I have 25GB text file that needs a string replaced on only a few lines. I can use sed successfully but it takes a really long time to run.
sed -i 's|old text|new text|g' gigantic_file.sql
Is there a quicker way to do this?
You can try:
sed -i '/old text/ s//new text/g' gigantic_file.sql
From this ref:
OPTIMIZING FOR SPEED: If execution speed needs to be increased (due to large input files or slow processors or hard disks), substitution will be executed more quickly if the "find" expression is specified before giving the "s/.../.../" instruction.

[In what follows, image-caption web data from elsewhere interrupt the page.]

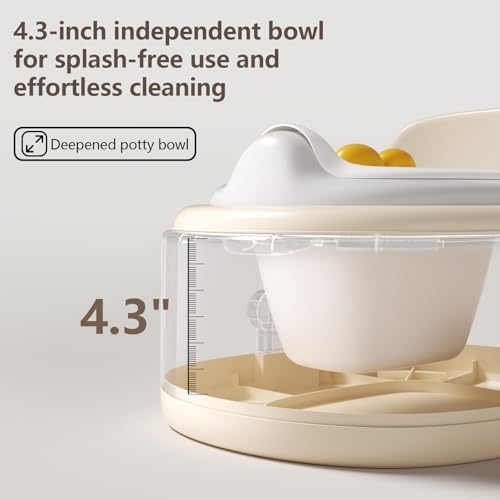 Kindsgut potty training seat placed on a standard toilet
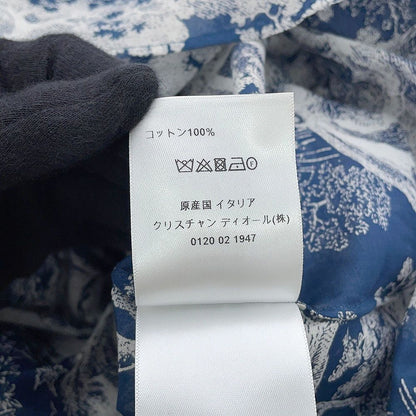 Dior Long Sleeve Shirt Iviera Toile de Jouy Collarless Top 38 — view 8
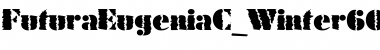 FuturaEugC_Winter60 Regular Font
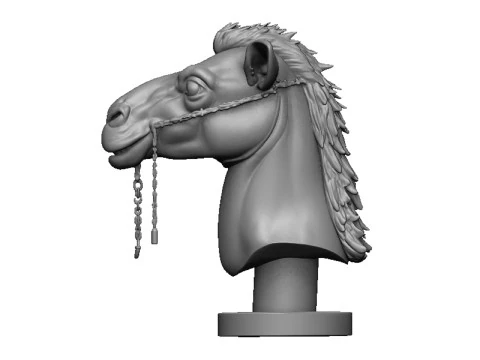 Camel head 3D Print Model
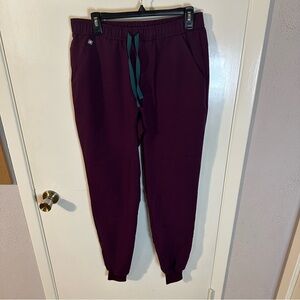 Figs deep purple Tansen joggers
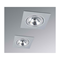 FARO I ALLUMINIO Brushed aluminum recessed lamp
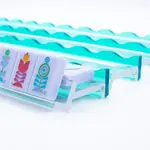 My Fair Mahjong Wavy Green Acrylic Mahjong Racks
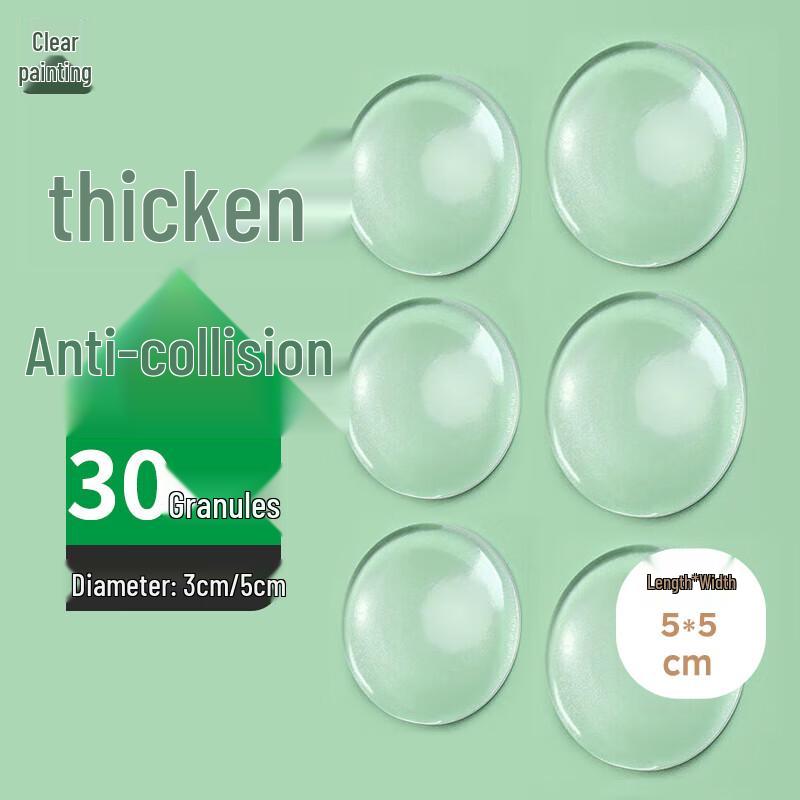 Clear Anti-Collision Bumper Pads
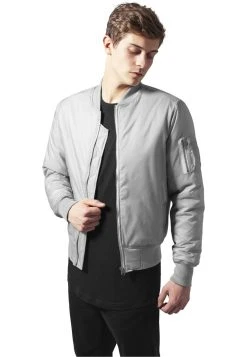 URBAN CLASSICS Basic - Blouson Bomber - Grey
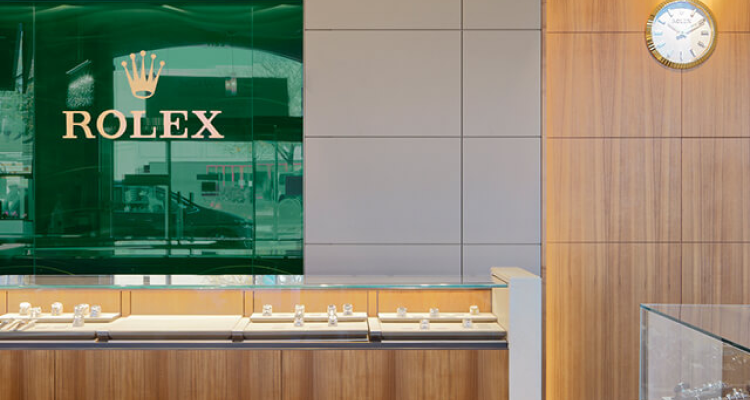 Rolex Showroom at Rottermond Jewelers 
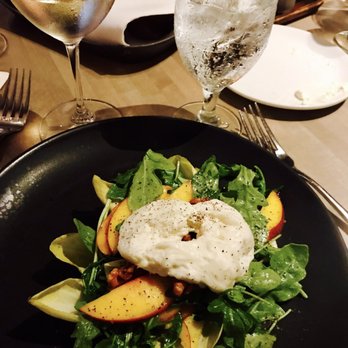 Five Crowns - I highly recommend the peach and burrata salad! - Steakhouses Near Me - Corona del Mar, California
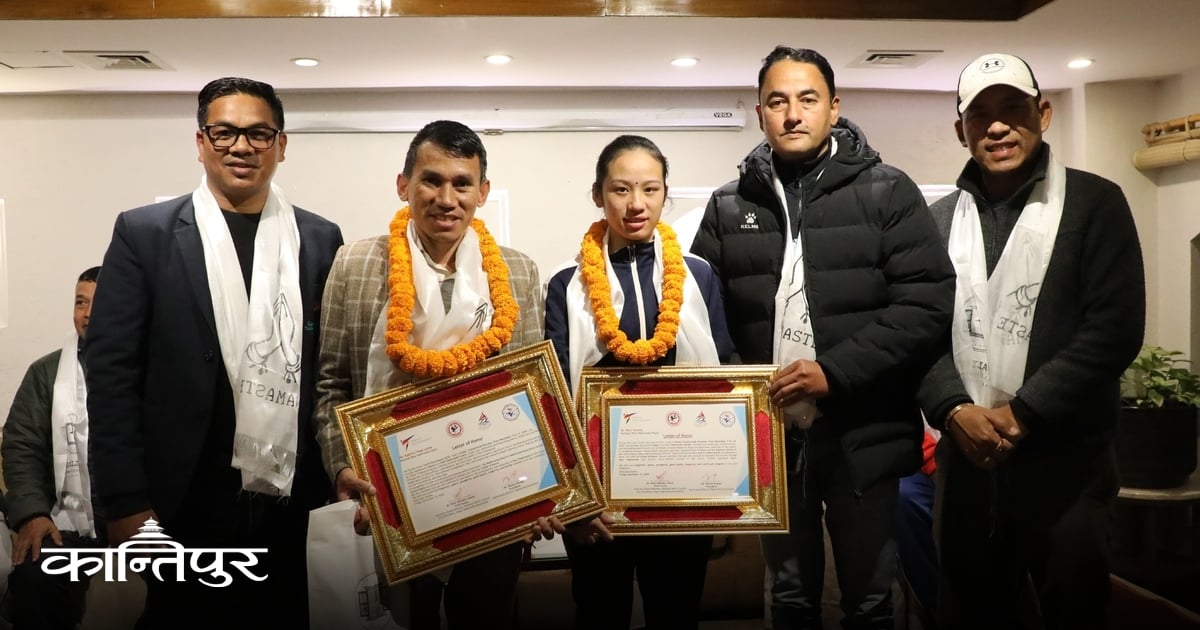 पदकधारी रेनु र प्रशिक्षक नेगी सम्मानित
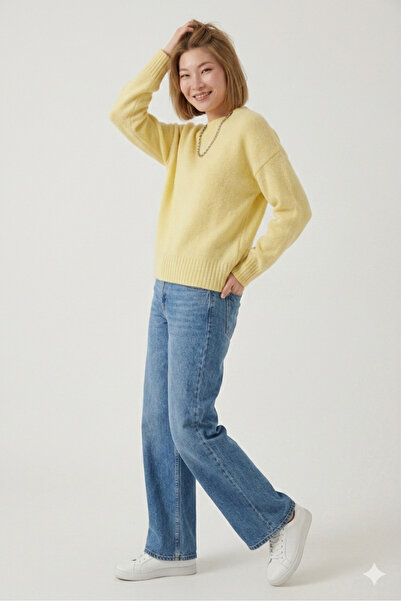 FAVORİST Soft Women's Cotton Sweater Original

Here is a comparison over a 10G file. Before:
$ time sed -i 's/original/ketan/g' wiki10gb
real 5m14.823s
user 1m42.732s
sys 1m51.123s
After:
$ time sed -i '/ketan/ s//original/g' wiki10gb
real 4m33.141s
user 1m20.940s
sys 1m44.451s
The short answer is "No" - your limiting factor on this sort of operation is disk IO. There is no way to stream 25GB of a disk any faster. You might get a minor improvement if you don't inplace edit, and you write the result of the sed to a separate drive (if you have one available) - because that way you can be reading from one, whilst writing to another and there's slightly less contention as a result.
You might be able to speed it up a bit by not using the regex engine for each line - so for example using perl (I'm pretty sure you can do this with sed but I don't know the syntax) - this will start from line 10,000 onwards.
perl -pe '$. > 10_000 && s/old_text/new_text/g'
And if there's any sort of complications in the RE (metacharacters) then minimising those will slightly improve the efficiency of the regex engine.
If the new and old texts are the same length, you can seek into the file and write only the changed bytes, instead of copying the whole file. Otherwise you are trapped into moving lots of data.
Note: this is tricky and involves writing custom code.
See the man page for fseek if you're working in C or C++, or your favored language wrappers for the seek and write system calls.
If you insist on using the command line only, and you can get the byte offsets of the text, you can write the replacement text in place with carefully written "dd" commands.